### [WHAT YOU WILL DO]
Below, find the line containing "Cross-border pet blanket"; from there to the final line, print every line exactly and skip the pictures.

(Caption-style text data)
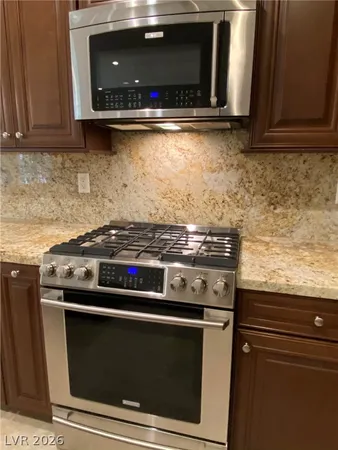 $2,950 | 9 Kennesaw Road, Henderson, NV 89052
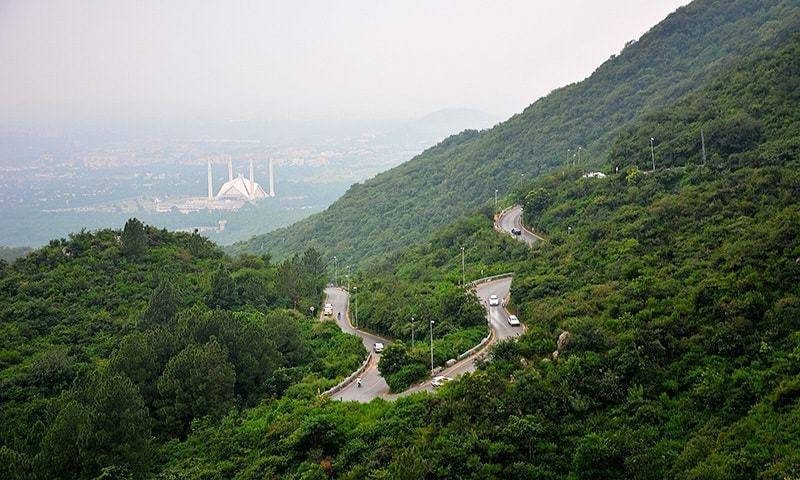 Crushing at Margalla Hills can’t be allowed: CJP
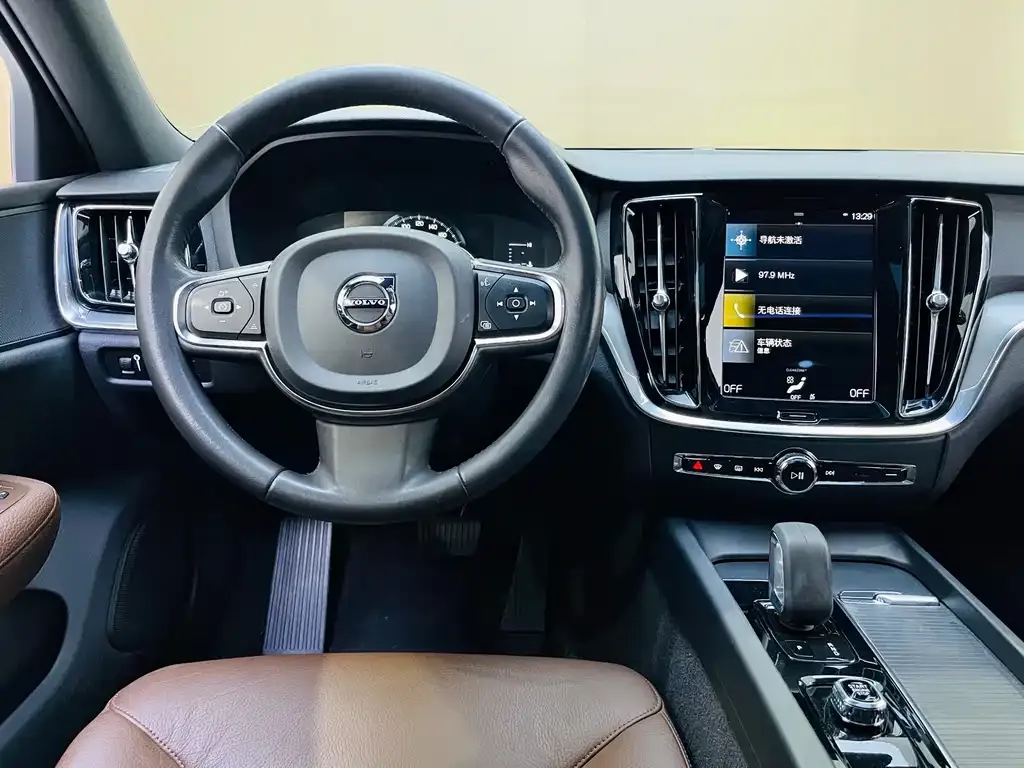 Volvo S60 — фото 10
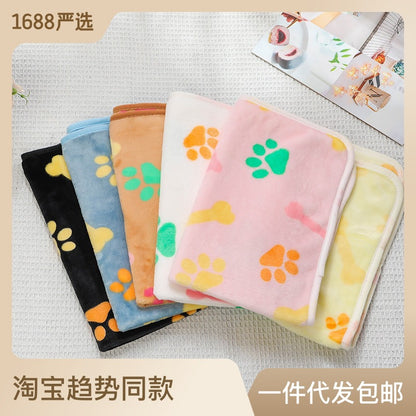 Cross-border pet blanket mat cat and dog flannel blanket autumn and winter warm blanket pet sleeping mat wholesale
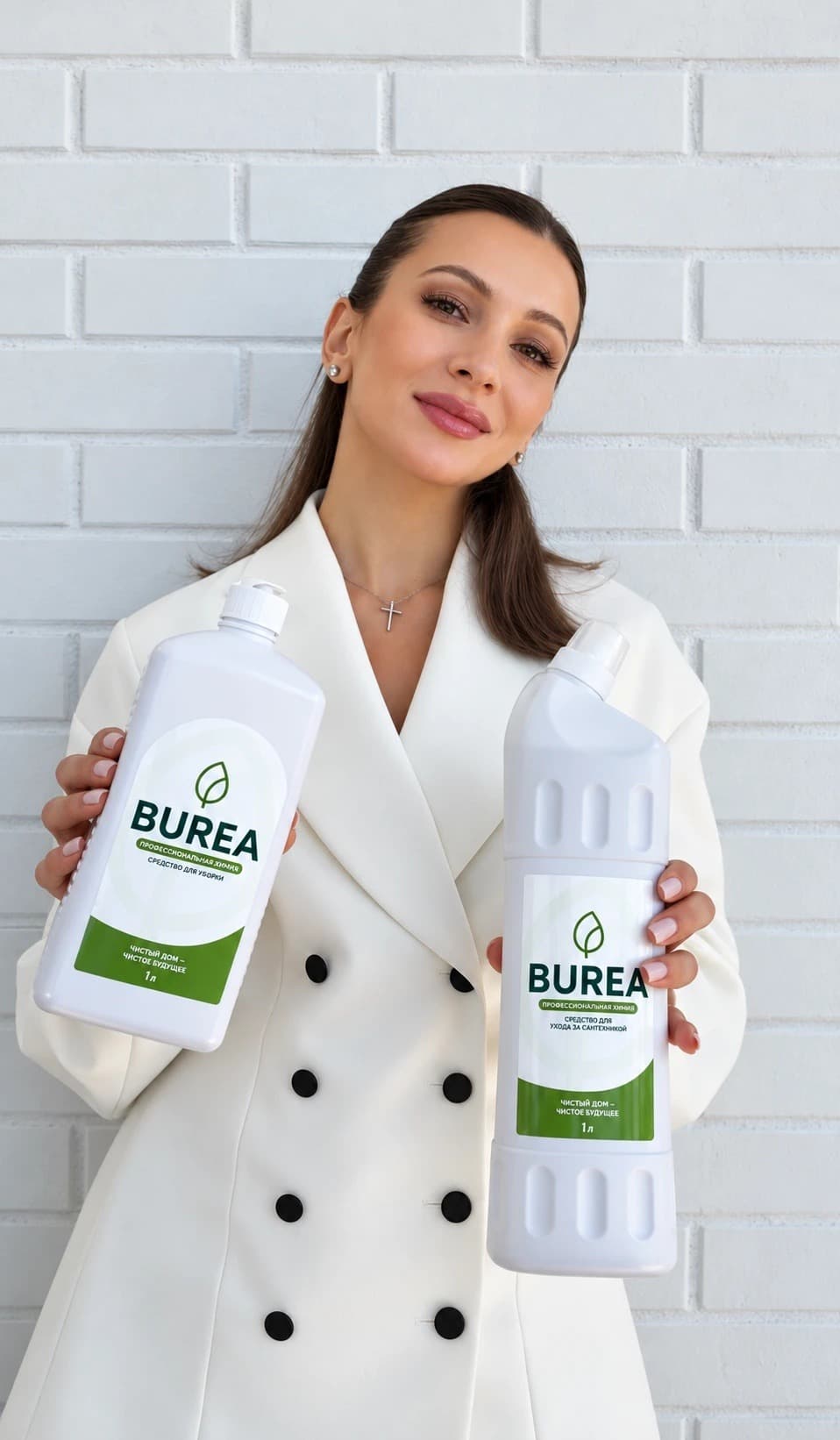 Основательница BUREA с флаконами средств
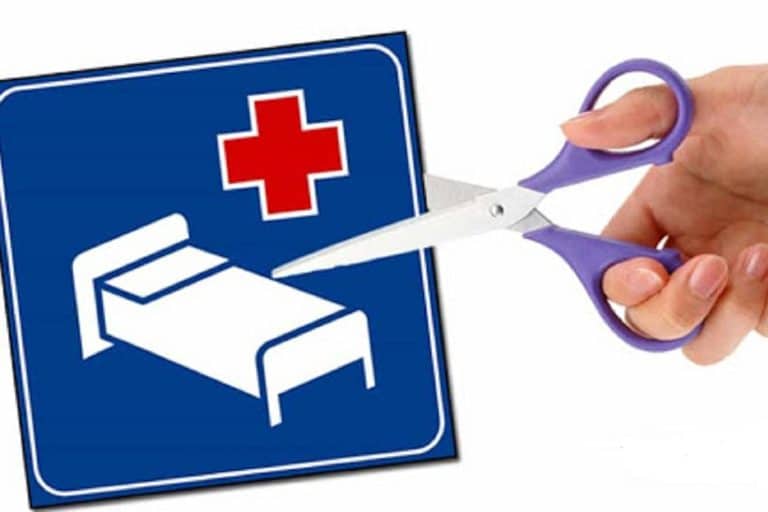 Gli italiani chiedono maggiore assistenza. La sanità pubblica non funziona bene  e c’è chi propone polizze assicurative.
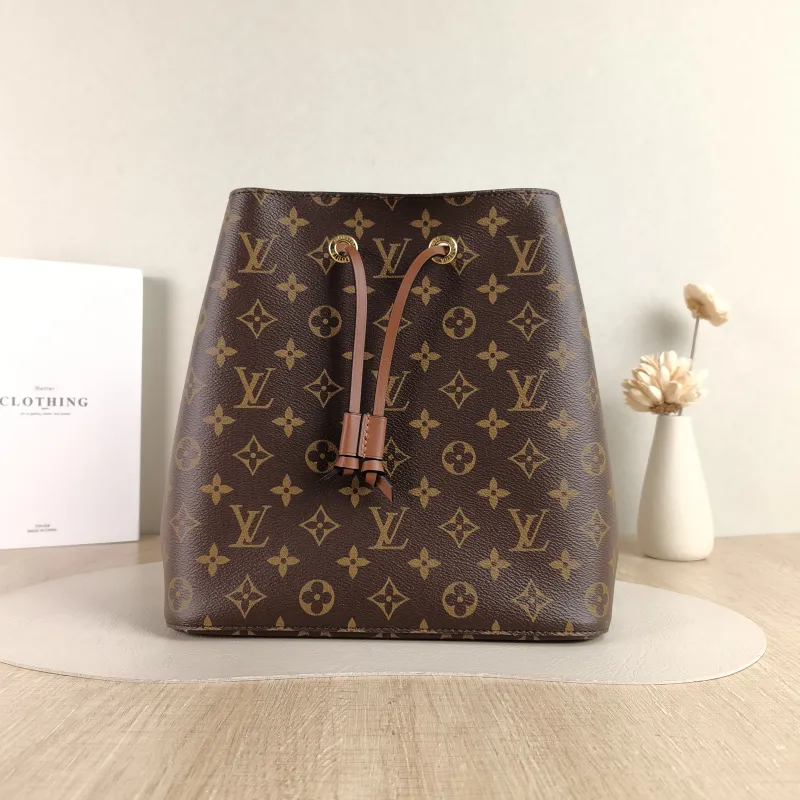 Louis Vuitton Shoulder Bag NÉONOÉ Bucket Bag Caramel PVC Medium 26 × 17.5 × 26 cm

### [RESULT OF THIS EXERCISE]
 Cross-border pet blanket mat cat and dog flannel blanket autumn and winter warm blanket pet sleeping mat wholesale
 Основательница BUREA с флаконами средств
 Gli italiani chiedono maggiore assistenza. La sanità pubblica non funziona bene  e c’è chi propone polizze assicurative.
 Louis Vuitton Shoulder Bag NÉONOÉ Bucket Bag Caramel PVC Medium 26 × 17.5 × 26 cm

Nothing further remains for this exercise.